Best Buy Investors Can Only Blame Themselves

Best Buy shares hit yet a three-year high today, oblivious to another insider unloading a big chunk of shares.

CEO Hubert Joly sold nearly $17-million worth of company stock on Friday, netting roughly $10 million, after backing out the cost of exercising the options that made up the lion's share of the sale. Joly's contract required him to hold his awarded shares for at least two years, but the compensation committee cleared the way for the sale by waiving the final year.

He had a reason for raising the money.

"Mr. Joly has recently gone through a divorce and needs to sell a portion of his holdings in order to cover the costs of that unfortunate event," a company spokesman said in a statement explaining why Joly was selling roughly 20% of his stake in the company that he took over a year ago.

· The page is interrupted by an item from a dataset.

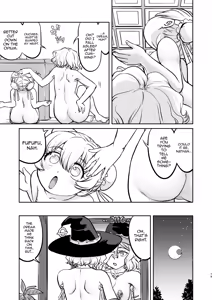 Page 79 of Isekai TS Ouji o Tasuketa Dake Nanoni Trance Hen - preview thumbnail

You have to feel sorry for Brian Dunn, the former CEO who was let go last year after breaking a company rule by having an inappropriate relationship with a 29-year old employee. There was no waiver or rule leniency there. Then again, he did walk away with a $6.6-million severance package, so maybe he's the one who got the last laugh here.

Joly's sale isn't the only notable bigwig cashing out. Founder Richard Schulze entered into an automated selling plan to unload a chunk of what was his 20% stake in the retailer between October and March of next year. This was the same Schulze that was actually trying to team up with private-equity investors to take Best Buy private last year.

To be fair, Best Buy's stock has more than doubled since the time when Schulze wanted to buy the company back last summer. Cashing out makes sense.

You won't hear Schulze or Joly admit that they're selling because the stock's valuation has gotten out of whack after more than tripling so far in 2013. Schulze wants to diversify his assets; Joly has a divorce to settle. However, if the stock does peak here -- and it might -- investors will only be able to blame themselves.

Joly has done a great job of shaving overhead at Best Buy, but there's no way that this company is as valuable as it was the last time it traded this high during the 2010 holiday shopping season.

Best Buy still doesn't have a response to and the showrooming trend that's been nibbling away at sales growth. Even in the chain's most recent quarter, revenue and comps dipped slightly. Amazon's North American sales soared 30% in its latest quarter.

Joly has helped improve margins at Best Buy -- and even the reputation is improving -- but until the shoppers start showing up again, it's hard to feel that this is a stock that deserves its multi-year highs. Its two most prolific insiders have moved to sell a lot of stock over the past month. That's a hard thing for bulls to ignore.